The Patience of a Sufferer —
This is patience with hard circumstances falling upon you.
Romans 12:12 — Be patient in tribulation.

This is the kind of patience you need when you get sick
When you are persecuted
When a famine hits the land
When you miscarry

And a person can’t live the life that God wants for them unless they learn these three forms of patience.

Take Joseph for example.
The first thing we learn about Joseph is that he is doing the humble work of shepherding his father’s sheep (37:2). I won’t go into detail here, but we have a lot of circumstantial evidence to suggest that he was one son who took his job seriously and did it excellently.

And for his troubles, he nearly winds up being killed by his brothers, and then sold into slavery. Now the Bible says that he is carried down in captivity into Egypt. All of his excellent service to his father before God seems to have been entirely wasted. You can imagine voices whispering in his head, “look at what all of that hard work got you.”

But when he arrives at Potiphar’s house, he goes back to doing excellent work. (39) Even though his previous efforts appear to have yielded nothing, he goes all in in his new “job” and does excellently there as well. This winds up being punished as well. He is thrown into prison. Once again, the voices stir up — look at all the hard work you put in. Surely it has come to nothing. Or even worse than nothing.

But then at the end of chapter 39, we see him in prison, going back to work, serving his new master the warden as unto the Lord. There he extends kindness to two of Pharaoh’s servants and asks, when you are released, please do your best to get me out of jail. The recipient of his kindness forgets about him. And once again the voices of discouragement come to him and say, “behold the fruit of your efforts.”

And once again, Joseph goes back to the work of serving with the Lord with excellence. He does this for 2 whole years until he is finally taken out of prison by Pharaoh and eventually placed as a kind of prince.

And what kind of job is he given? He’s given a long-term project. He must manage bountiful harvests over seven years with nothing but faith in the Lord’s vision that all of this hard work is going to pay off in the end.

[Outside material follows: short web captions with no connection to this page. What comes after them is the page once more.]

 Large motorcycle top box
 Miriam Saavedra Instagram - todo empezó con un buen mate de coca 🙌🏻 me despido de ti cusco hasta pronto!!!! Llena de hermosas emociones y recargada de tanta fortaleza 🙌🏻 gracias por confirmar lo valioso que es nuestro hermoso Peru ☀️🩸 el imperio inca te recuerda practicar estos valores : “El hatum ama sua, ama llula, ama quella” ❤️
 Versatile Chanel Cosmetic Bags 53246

All of the timelines I consulted suggest he was in Egypt for 20 years before there was hard evidence that his work had paid off. The famine he believed was coming did indeed come. Egypt had plenty of food. And in the end, he was presented with the opportunity to return his brother’s cruelty with kindness.

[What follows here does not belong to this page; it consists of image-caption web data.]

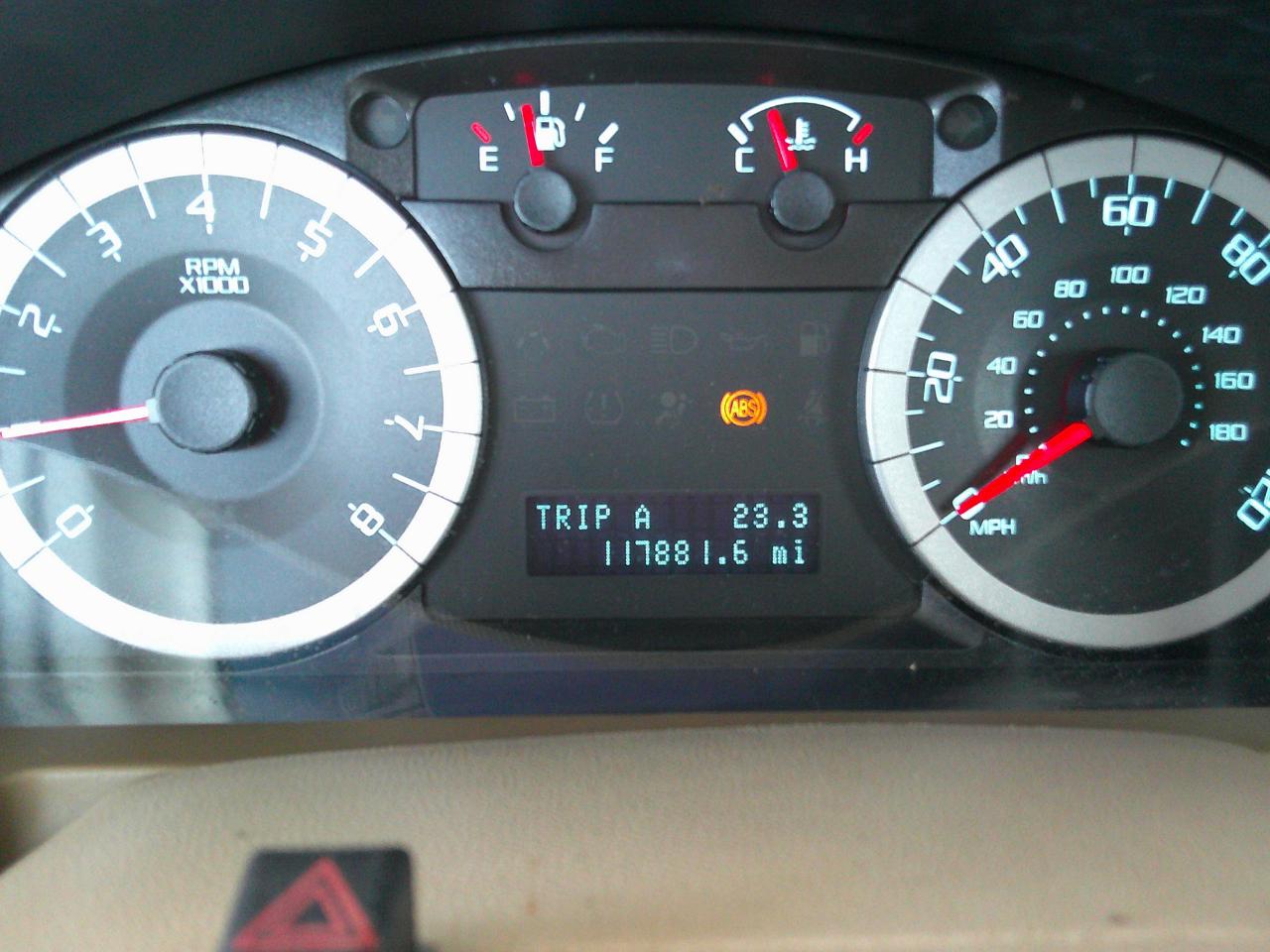 Ford Escape FWD 4dr XLT 2011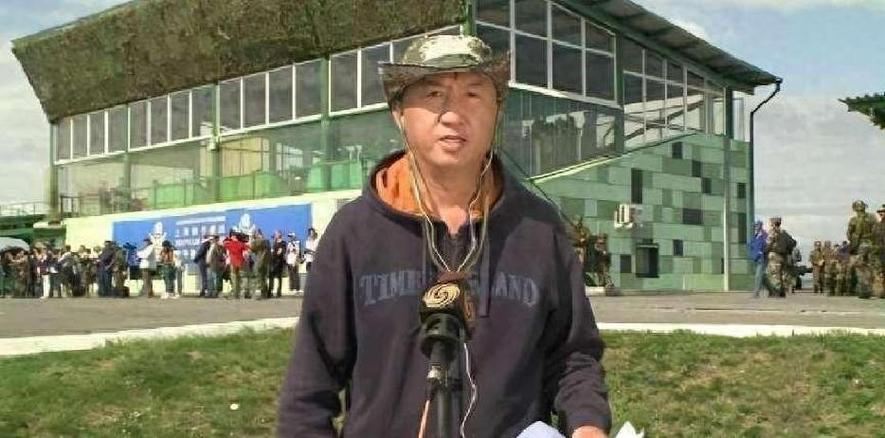 战地记者要考什么大学图标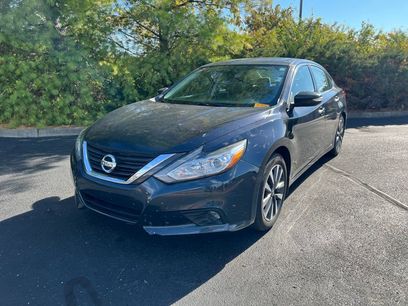 Used 2016 Nissan Altima 2.5 SL w/ Moonroof Package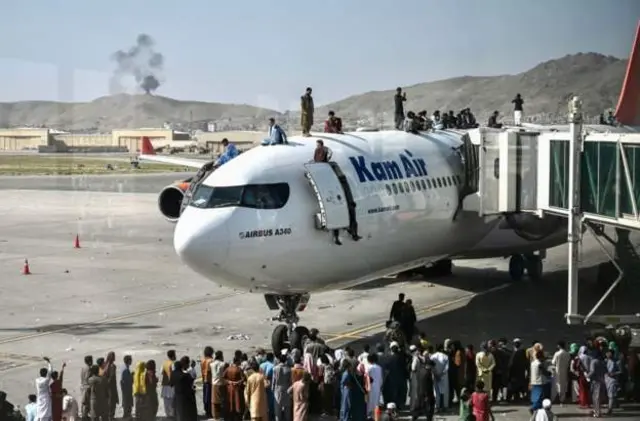 Mutanen Afghanistan a tashar jirgin Kabul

Throughout this whole period, Joseph is living out positive patience. He keeps sowing faithfulness even though, for most of the time, he is only rewarded with evil. He learns how to suffer and not grow bitter. He successfully evades one of the most cancerous attitudes a person can have — victim status. He does what he can do and trusts the Lord with the result. And in the end, he extends forbearance and forgiveness to his brothers.

All of that to say that without patience (the three forms of patience I referenced earlier), Joseph would not have been who he became.

Likewise, you and I are laden with potential. But without patience, very little of that potential will be realized.

Now let me talk a little bit about the idea of potential.

I am a calvinist. This means that I believe that God is sovereign over all things. I get that from the Bible. But in the same bible, I am also clearly instructed that what I do matters. And like the stewards in the parable of the talents, I am responsible for taking what God has given me and doing my best with it.

Potential on two levels: You have two main areas of potential.

Firstly, your potential as an image bearer.
We were created to reflect the nature of God. This is our most essential purpose. We are supposed to represent the nature of God. And God is patient. EXPAND

Exodus 34:6 says,

The Lord passed before him and proclaimed, “The Lord, the Lord, a God merciful and gracious, slow to anger, and abounding in steadfast love and faithfulness,

God is these things, so we must be these things. If we are going to live up to our potential as image bearers, we must embody these virtues. This is why we were saved in the first place. To reveal God’s patience. That’s what Paul says in 1 Timothy 1:15-16

The saying is trustworthy and deserving of full acceptance, that Christ Jesus came into the world to save sinners, of whom I am the foremost. But I received mercy for this reason, that in me, as the foremost, Jesus Christ might display his perfect patience as an example to those who were to believe in him for eternal life.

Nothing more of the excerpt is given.